Brett, a TV critic and pop culture journalist in New York, has had his basic cast in place for a long time. “I’ve dressed more or less the same since I was a freshman in high school. A denim jacket, Hawaiian print, argyle and plaid and polka dot, a suit when no one asked me to wear one–those have been staples of my wardrobe for 20 years.” He’s refined his style over time, though, upgrading where possible and getting more comfortable trying different ideas.
About a decade ago, Brett found a style northstar (or consience) in actor Martin Freeman. “In my early 20s, my goal was to dress like all five Strokes at once. Discovering Martin Freeman’s personal style choices was a major turning point in how I look at clothes. I was always self-conscious about being 5’6″ and gray-haired, but Freeman–who is both of those things–showed me I could look like that if I tried.” He checks off Charles Nelson Reilly and Bob Newhart as additional style icons–he even ran a (truly awesome) Newhart style blog, The Natty Newhart.
He also keenly aware of what his clothing choices say to others. “We use clothes to communicate who we are to the outside world and, as a gay man that was deeply closeted through college and who still can ‘pass’ for straight, I like using my choices to be proud. That’s why I default to a lot of florals, pink, and purple… and also partly why I have a mustache.”

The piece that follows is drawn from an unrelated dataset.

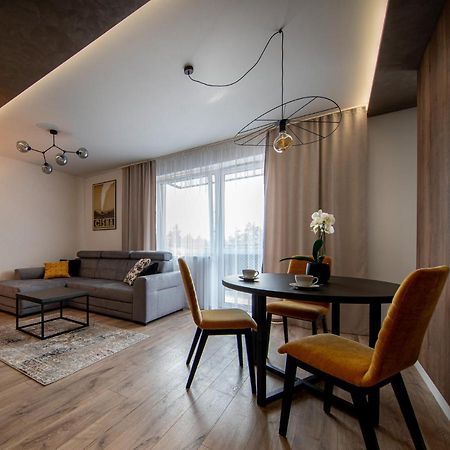 Apartament Z Klimatyzacja, Biłgoraj Dış mekan fotoğraf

For many of us, wearing tailoring is a choice rather than an obligation. We regularly recommend building a suit and sportcoat wardrobe by starting with basic fabrics and designs (navy, gray; single breasted; not a lot of trim detail) to maximize value. If you’re just going to have one suit and one blazer, you need to make them work for the modern semi-formal occasions, where other people’s expectations are still rather narrow — weddings, funerals, job interviews.
Brett makes the case, however, for knowing what you want and therefore going for it. He told me he owns only a few suits, but wears them as much as possible. He saw a green, double-breasted suit online at Suit Supply, and ended up accidentally ordering a custom version. “I made an appointment to go in for a fitting unaware that I was making an appointment with the made-to-measure department. When I showed up, I realized I’d be plunking down twice as much money as a I planned, but my specialist (Josh B. Cooper, who I will always shout out) helped me customize the suit so that I could wear it year round. The default version was a heavier green wool, but I was able to get it custom made in that same shade in a lighter fabric, and half-lined. Way more usable year round.”
“It’s the most expensive thing I own, and I find every. single. excuse. to wear it.”